From a genetic perspective, the majority of tumours develop in MSH2 and MSH6 mutation carriers [53]. The carcinogenesis is related to the somatic mutation of the second allele of the germline-mutated MMR gene. This will result in a deficient MMR (dMMR) system related to the loss of the expression of the corresponding protein MLH1, MSH2, MSH6 or PMS2 in immunochemistry, which can be responsible for a microsatellite instability identified using the PCR method.

From a clinical perspective, although the PREMM5 model has been developed to estimate the cumulative probability of an individual to carry a germline mutation related to the Lynch syndrome [54], the Amsterdam II criteria remains predominantly used to identify families that are at increased risk of Lynch syndrome [55]. The latter include:

1. At least three relatives with a Lynch-associated cancer (colorectal, endometrium, small bowel or UTUC);
2. A first degree relative to the other two;
3. At least two successive affected generations;
4. At least one relative diagnosed before the age 50;
5. Exclusion of familial adenomatous polyposis in the colorectal cancer cases;
6. Pathological confirmation of the diagnosis.

A study of 115 consecutive UTUC patients reported that 13.9% screened positive for potential Lynch syndrome using the Amsterdam II criteria and 5.2% had confirmed Lynch syndrome [56].

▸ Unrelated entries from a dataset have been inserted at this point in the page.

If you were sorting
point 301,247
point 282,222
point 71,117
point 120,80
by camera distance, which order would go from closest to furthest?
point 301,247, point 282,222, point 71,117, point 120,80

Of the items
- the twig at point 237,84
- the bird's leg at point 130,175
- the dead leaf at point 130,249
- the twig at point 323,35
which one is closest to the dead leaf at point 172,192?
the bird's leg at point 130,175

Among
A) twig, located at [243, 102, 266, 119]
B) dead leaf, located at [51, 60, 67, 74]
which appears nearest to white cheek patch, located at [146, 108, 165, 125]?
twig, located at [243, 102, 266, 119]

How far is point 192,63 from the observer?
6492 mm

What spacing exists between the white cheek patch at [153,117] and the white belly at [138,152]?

Another UTUC-specific study has suggested that an age <60 at initial diagnosis and a personal history of any other Lynch-related malignancy could be both associated with an increased risk of Lynch syndrome in these patients [57]. A simplified screening tool for UTUC patients has been proposed including these two criteria associated with two others deriving from the Amsterdam II criteria and including one-first degree relative with Lynch-related cancer diagnosed before 50 and two first-degree relatives with Lynch-related cancer regardless of age [58]. Using this simplified screening tool, the proportion of UTUC patients with a suspicion of Lynch-related disease could be more than 20% [58]. Importantly, patients with UTUC who are identified at high risk for Lynch syndrome based on clinical criteria should undergo germline DNA sequencing and family counselling [59,60] (Figure 3.1). Nonetheless, given the limited diagnostic performance of clinical criteria, UTUC patients without suspicion for genetic predisposing factors could be tested for MSI or dMMR using PCR or immunochemistry, respectively. As for any clinical suspicion of hereditary UTUC, those with positive test should also undergo germline DNA sequencing and family counselling [52,61-64] (Figure 3.1).

Figure 3.1: Selection of patients with UTUC for Lynch syndrome screening during the first medical interview*These patients may benefit from MMR deficiency screening using PCR or IHC. Positive result should prompt subsequent testing for germline DNA sequencing mutations.
MMR = mismatch repair; mismatch repair genes = MLH1, MSH2, MSH6, and PSM2; UTUC = upper urinary tract urothelial carcinoma.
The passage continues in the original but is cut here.